PITTSFIELD — Anna Meomutli picked up a brightly colored Easter egg and held it in the air poised to break it.

On the count of three, the 17-year-old cracked the egg against another one held by Linda Frontiero and the two women laughed out loud.

“I guess I’m going to have a good love life!” said Frontiero, 51, of Corinna as she examined the cracks on the egg.

Breaking the eggs is a Russian Orthodox tradition and one that Meomutli, a Russian native who currently attends Maine Central Institute, proudly explained to visitors such as Frontiero at Sunday’s International Food Festival, a tradition at the Pittsfield high school, which is home to students from 19 different countries.

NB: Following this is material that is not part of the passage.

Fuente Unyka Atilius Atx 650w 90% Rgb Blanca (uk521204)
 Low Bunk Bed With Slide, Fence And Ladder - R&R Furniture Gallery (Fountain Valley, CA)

In the egg breaking tradition, the person who ends up with the most cracked egg will have a good love life in the year to come, while an egg that is uncracked means a year of good health is in store, Meomutli said.

Eleven countries were represented at Sunday’s International Food Festival, which was open to the public and allowed participants to sample different foods and hear different stories from students from each country.

“It’s a tradition for MCI,” said teacher Sylvia Ogle, who was overseeing the event Sunday. “People get to try cuisines from each country without leaving Pittsfield. It’s just a fun thing. The students get up at 3 or 4 in the morning to start cooking.”

MCI is a public high school for students who live in Pittsfield as well as a private tuition-based school for students from elsewhere. About 140 of the school’s 450 students live in dorms on the campus, and celebrating the diversity of the world is part of the school’s mission, according to its website.

Mima Sibalic, 18, lives in the school’s dorms. On Sunday she made a traditional cheese pie from her home country of Serbia to share.

“It’s the first time I’ve made it,” Sibalic said, quietly admitting that she had used store-bought phyllo dough for the dish rather than homemade.

“People have been telling me it’s good, but I’ve had better,” she said. “It’s easy to make though, and I like sharing my culture and seeing what other people think of the food I eat at home.”

“The food is really interesting,” said Mark Plater, a St. Albans resident. “It’s delicious. You don’t see this type of variety anywhere else, and the students are wonderful to talk to.”

At another table, MCI teacher and dorm parent John Buys and Canadian student Abigail DeSchiffart, both of whom have ancestors from the Netherlands, were giving out samples of a traditional Dutch doughnut called oliebollen that they had made.

The dumpling-shaped doughnut is usually eaten in the winter months or to celebrate the New Year.

“It’s a tradition in my family on the New Year,” said DeSchiffart, 18. “My grandmother usually makes them with fruit in them, and the kids don’t usually like fruit, so we make our own afterwards. It’s one of the most traditional Dutch holiday foods.”

“It’s really cool,” she said of the food festival. “The dorms are all filled with people cooking. You kind of know people are from different places when you go to school here, but this is where you really get to see it.”

The festival is also a place for students to share stories about where they come from in addition to the foods they eat there, Buys said.

“I love hearing why the kids pick what they do, whether it’s something strange or a traditional food served for a holiday,” he said. “That’s the great thing about food is that it can bring people together to hear those stories.”